Wir gehen dahin, wo die Menschen sind: Was ein Sozialraum leisten kann

Bericht im Hindenburger Gesundheitsmagazin Medizin und Co, 2. Quartal 2025
Text: Angelika König, Reha-Verein
In der Vergangenheit – bis zur deutschen Psychiatriereform zu Beginn der 70er Jahre des 20. Jahrhunderts- erfolgte die Behandlung und Versorgung von Menschen mit schweren psychischen Erkrankungen fast ausschließlich in psychiatrischen Kliniken, häufig verbunden mit langdauernden, manchmal lebenslangen Aufenthalten oder dem berüchtigten „Drehtüreffekt.“ Eines der zentralen Anliegen der sich damals entwickelnden Gemeindepsychiatrie war es, Psychiatrie in den Lebensalltag zu bringen und damit dorthin, wo psychische Probleme entstehen. Mit der Ambulantisierung psychiatrischer Hilfen und Behandlungen rückte die Sicht auf den Lebens- und Sozialraum der Patientinnen und Patienten stärker in den Vordergrund.

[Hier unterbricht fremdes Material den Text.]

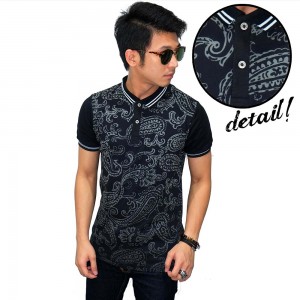 Polo Ethnic Paisley Pattern Black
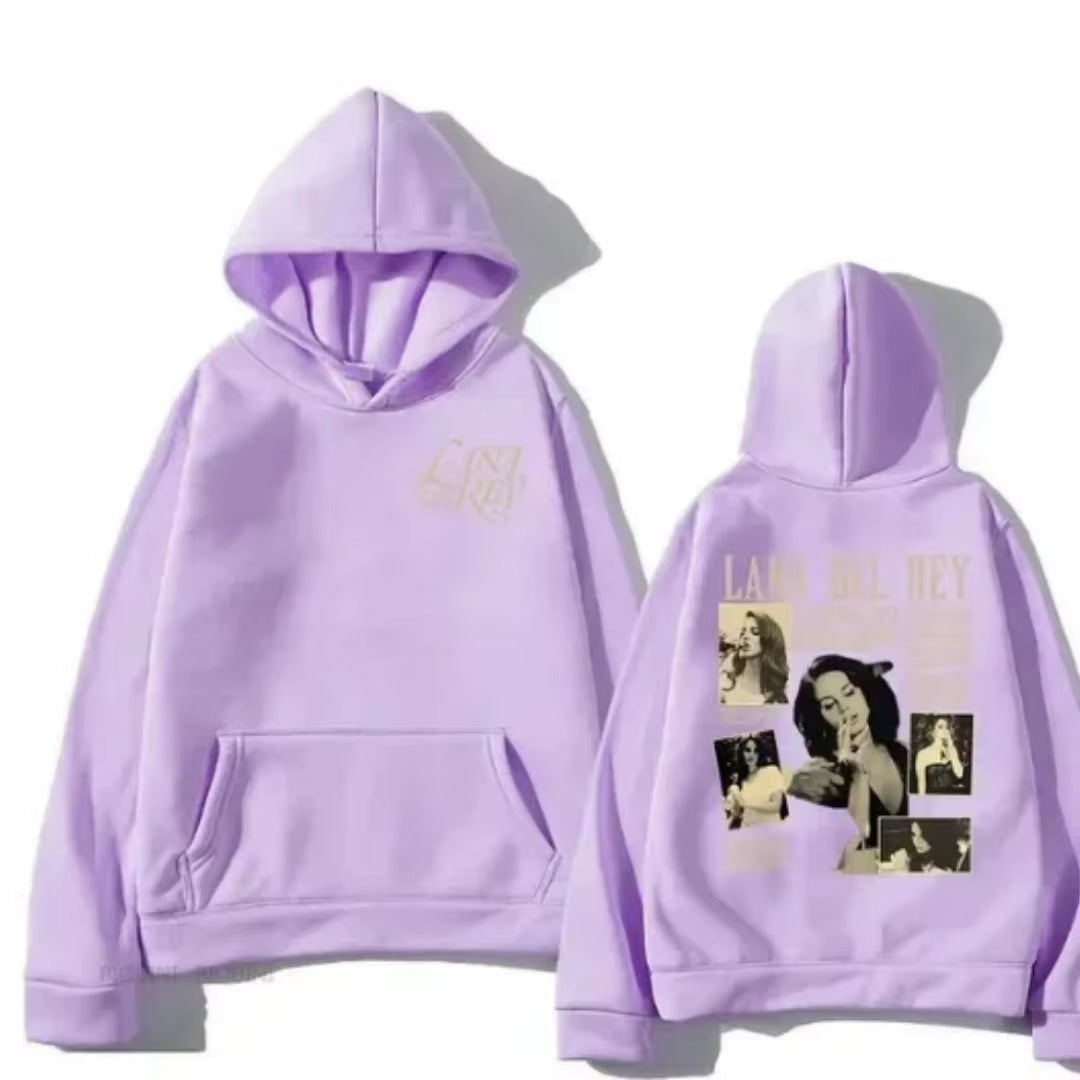 Lana Del Rey Inspired Casual Hoodie for Men - Trendy Long Sleeve Pullover Sweatshirt with Eye-Catching Print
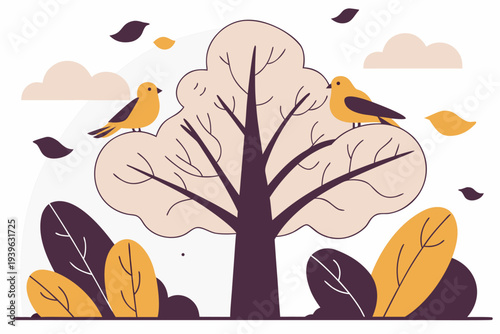 Minimalist tree illustration with birds and falling leaves in neutral and mustard tones on a white background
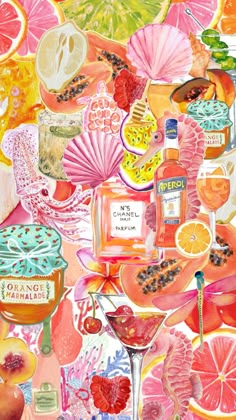 a painting of oranges, grapefruit and other fruit on a pink background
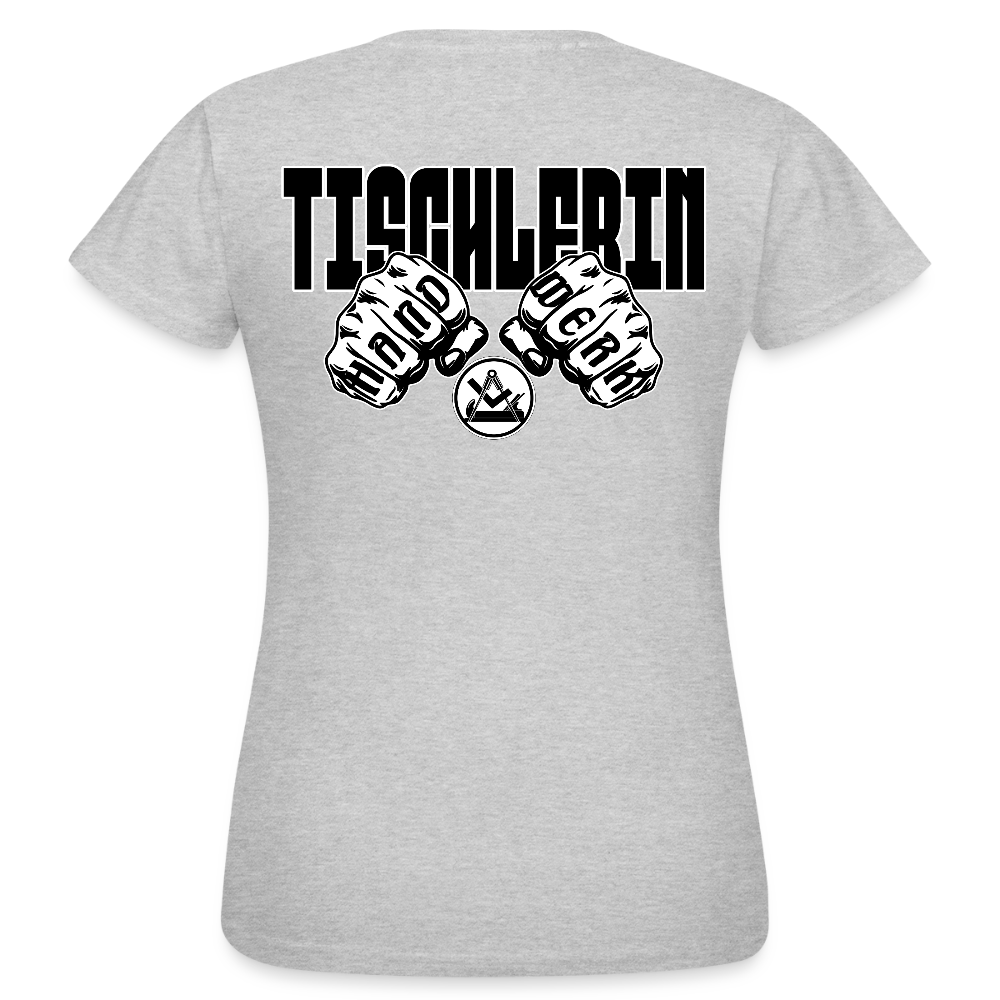 Frauen T-Shirt "Tischlerin" (beidseitig bedruckt) Grau meliert Frauen T-Shirt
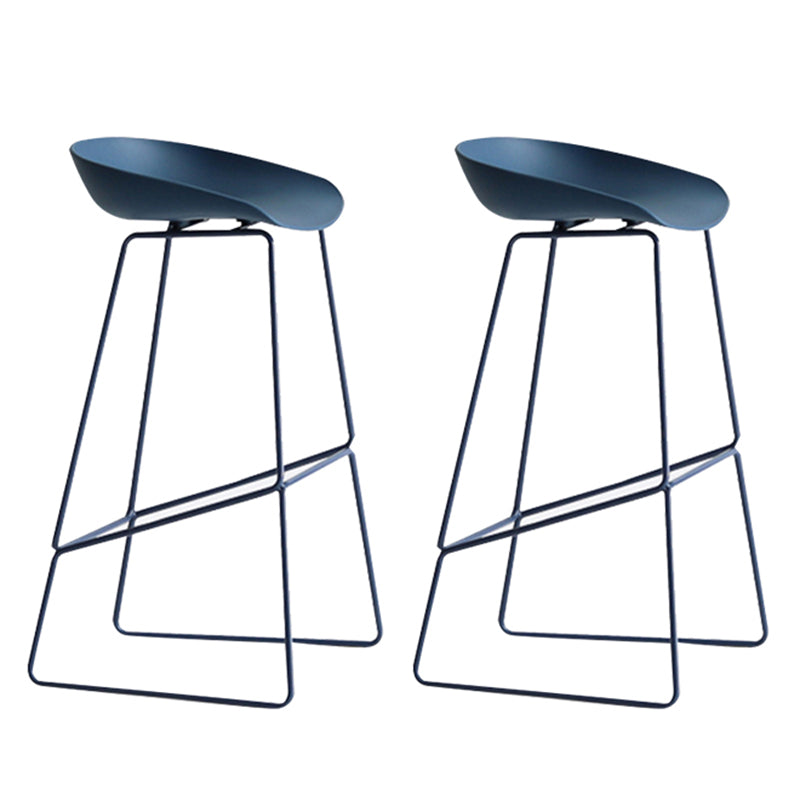 Modern Plastic Counter & Bar Stool Bucket Footrest Stool for Coffee Shop Blue 2 Piece Set Bar Stool(30"H) Clearhalo 'Bar Furniture' 'Bar Stools' 'bar_stools' 'furn' 'furn_bar_stools' 'furniture_bar_stools' 'Kitchen & Dining Furniture' 'kitchen&dining_furn' 'kitchen' 'kitchen_furn' Furniture' 4185197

Was waren und sind die leitenden Ideen?
- Ressourcenorientierung:
Jeder Mensch hat Ressourcen, niemand ist „nur krank“. Diese Ressourcen liegen im Menschen selbst, in seiner unmittelbaren Umgebung und seinem familiären Umfeld. Darüber hinaus bieten aber auch das „Viertel“, die Wohnumgebung, der Stadtteil Ressourcen und Möglichkeiten. Gelingt es, diese für die persönlichen Bedürfnisse zu erforschen und zu aktivieren, vielleicht auch in bekannten Bezügen Neues zu entdecken, dann führt das zu einem verbesserten Selbstwertgefühl, zu höherer Lebensqualität und Zufriedenheit und ermöglicht in der Regel den Verbleib im gewohnten Umfeld auch mit psychischer Erkrankung.
- Zusammenarbeit im Sozialraum und Schaffung zielgruppenübergreifender Angebote:
In jedem Sozialraum gibt es verschiedenste öffentliche und private Angebote, die für gemeinsame, aber auch für individuelle Aktivitäten genutzt werden können.
In der Regel stehen sie allen Interessierten offen, das gilt auch für Angebote, welche die sozialpsychiatrischen Teams vor Ort anbieten. Ideen und Anregungen aus der Bürgerschaft werden dabei gerne aufgegriffen und umgesetzt. Aus der neuen Vernetzung entstehen neue Ressourcen, die allen Menschen im Sozialraum zugutekommen, außerdem erwächst daraus ein vertieftes Verständnis für psychische Erkrankungen und für die Betroffenen ein Weg aus der (leider immer noch bestehenden) Stigmatisierung.
- Regionale Versorgungsnetzwerke:
In jeder Region gibt es eine Vielzahl von Hilfsangeboten. Manchmal überschneiden sich diese, manche wissen nicht von den anderen und manchmal entstehen auch Konkurrenzen.
Ein Zusammenschluss der Anbieter zu einem gemeindepsychiatrischen Netzwerk bündelt die Angebote und identifiziert evtl. fehlende, schafft mehr Transparenz und ermöglicht vertrauensvolle Zusammenarbeit und die Entwicklung von Neuem.
Sozialräumliche Arbeit im Reha-Verein
"Wir gehen dahin, wo die Menschen sind." Mit diesem Motto gründete der Reha-Verein im Jahr 2019 seine sozialräumlichen Teams in der Stadt Mönchengladbach. In fünf Sozialräumen gibt es je ein Team, das aus unterschiedlichen Fachleuten besteht. Vor Ort wird zu den vielfältigen individuellen Unterstützungsangeboten des Reha-Vereins beraten. Diese Beratung steht allen Interessierten offen und ist kostenfrei. Außerdem gibt es offene Treffs und vielfältige Veranstaltungen und Aktivitäten wie z.B. gemeinsames Frühstück, Sport und Fitness, Kreativangebote, gemeinsames Singen und Musizieren, aber auch z. B. ein monatlicher Repair-Treff, der im Sozialraumteam West von Bürgerinnen und Bürgern aus Rheindahlen gerne besucht wird.